EXTRACTED MATERIAL Start Marker

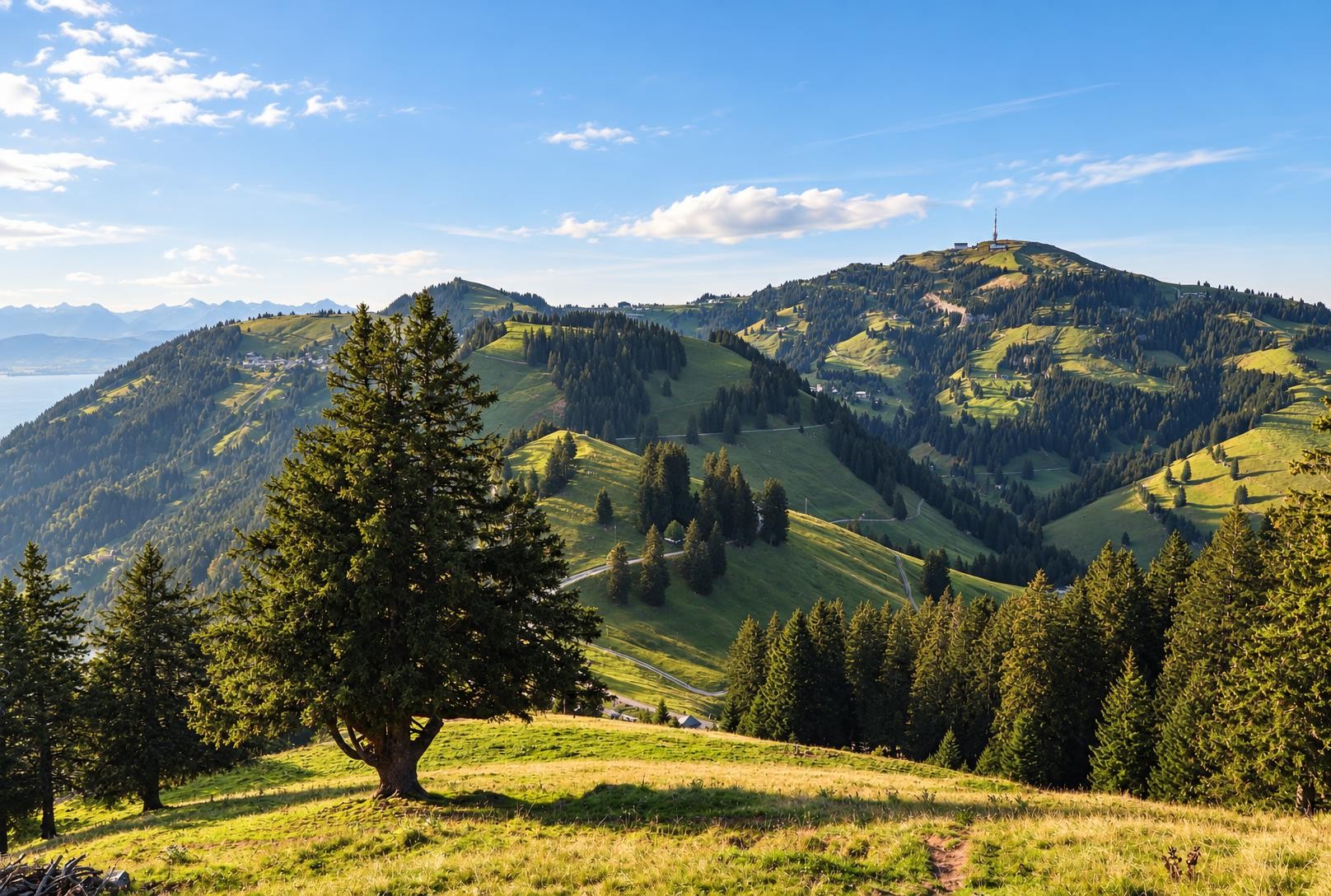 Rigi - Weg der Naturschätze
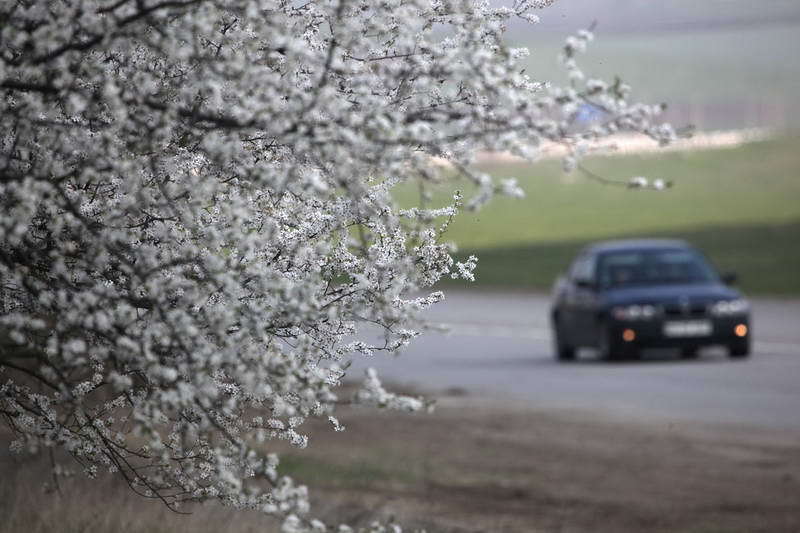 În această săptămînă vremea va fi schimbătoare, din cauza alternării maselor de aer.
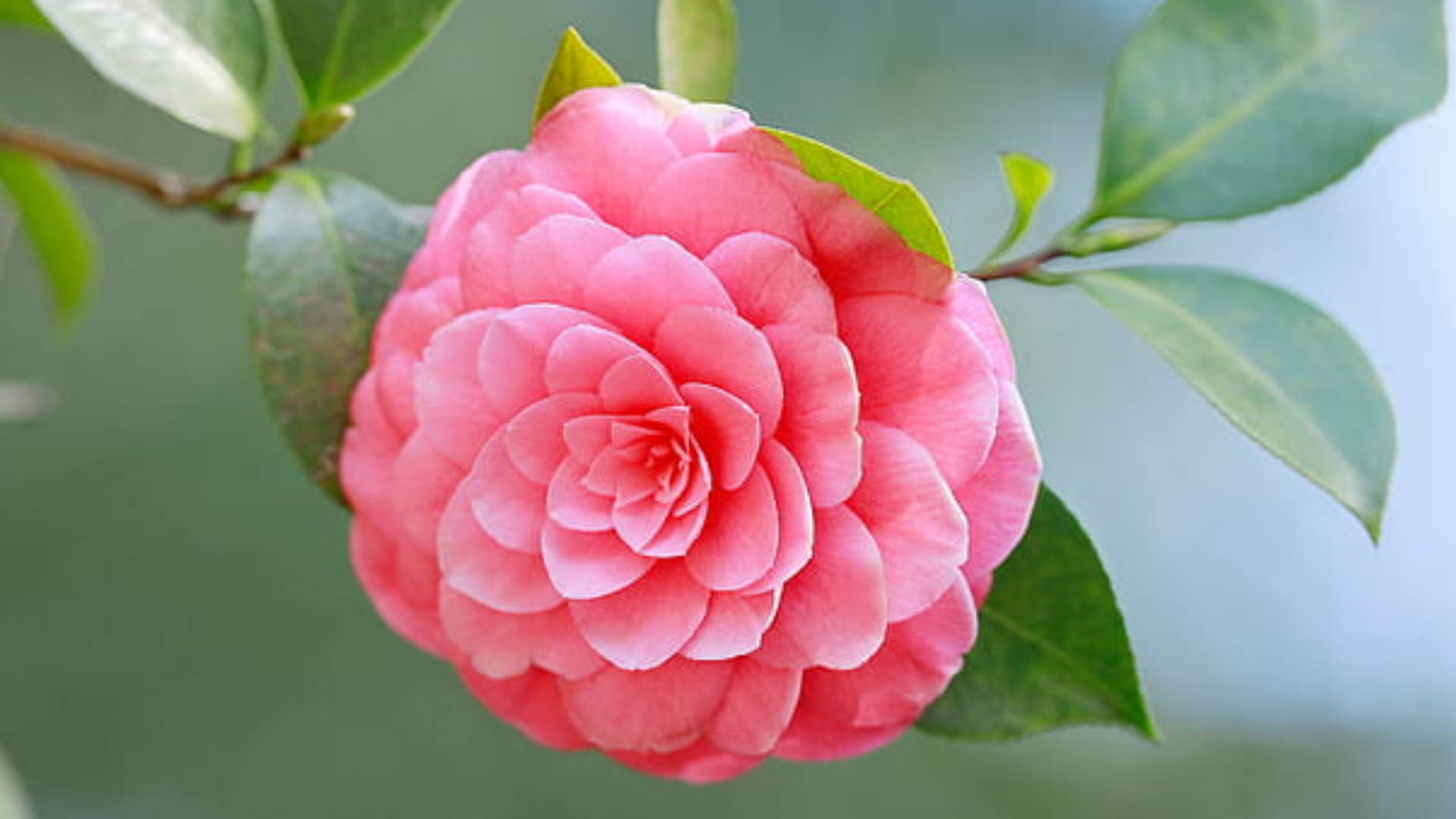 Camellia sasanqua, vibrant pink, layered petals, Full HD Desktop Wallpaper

EXTRACTED MATERIAL End Marker
EXTRACTED MATERIAL Start Marker

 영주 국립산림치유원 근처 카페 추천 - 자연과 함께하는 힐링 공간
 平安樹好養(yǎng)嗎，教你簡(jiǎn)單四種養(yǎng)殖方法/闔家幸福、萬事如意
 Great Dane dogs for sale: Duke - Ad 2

EXTRACTED MATERIAL End Marker

Write out word for word the lines above that run from the one with "Rigi - Weg der Naturschätze" to the one with "Camellia sasanqua, vibrant". Include both end lines; exclude the images.

 Rigi - Weg der Naturschätze
 În această săptămînă vremea va fi schimbătoare, din cauza alternării maselor de aer.
 Camellia sasanqua, vibrant pink, layered petals, Full HD Desktop Wallpaper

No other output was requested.